The other issue I have with global averaging is whether the earth can even be treated as being relatively uniform. Taking proxies along an ocean shore is one thing, but what about the entire mountain range of North and South America? Does this have any effect on climate? Or most of China, Russia and Europe? Almost all of Canada and the continental US? There is virtualy no data in any of these places (i.e. where people live). In fact the sampling density of the Shakun paper is the exact opposite to that of the world land based temperature record (which is dominated by American sites). Does leaving these entire regions out have any effect on the climate proxies?

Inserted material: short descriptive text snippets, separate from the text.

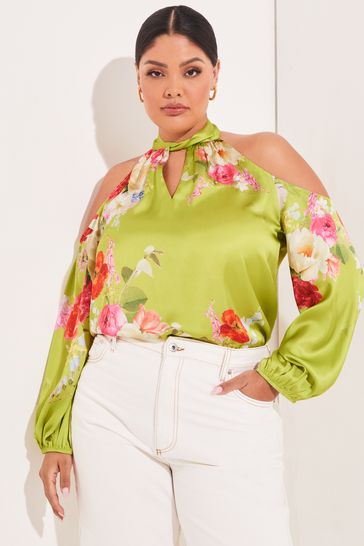 Buy Lipsy Cold Shoulder Keyhole Long Sleeve Top from Next Luxembourg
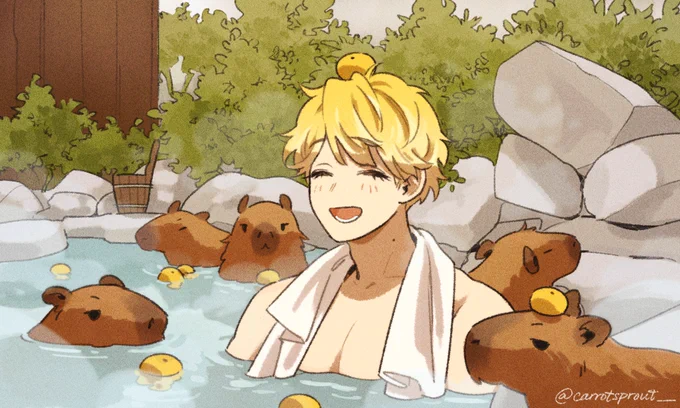 capybara bath  #Briskart 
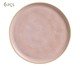 Jogo de Pratos Raso Linhas Litchi Rosa, Rosa | WestwingNow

Imagine if you were estimating race or skin color (not that we are allowed to do that anymore). What would happen if you left out only two countries out of 200 – say China and India. Would that make a difference? Is the climate record like that? Or is it so uniform that sampling basis (huge in the Shakun study) is not an issue. And if that is true why do many of the proxies vary so greatly over a relatively short distance?
Mr. Eschenbach, I have never seen such a complete and total evisceration of any piece of so-called scientific study as your series on this paper.
Well done!
Sorry, should have been bands of constant longitude.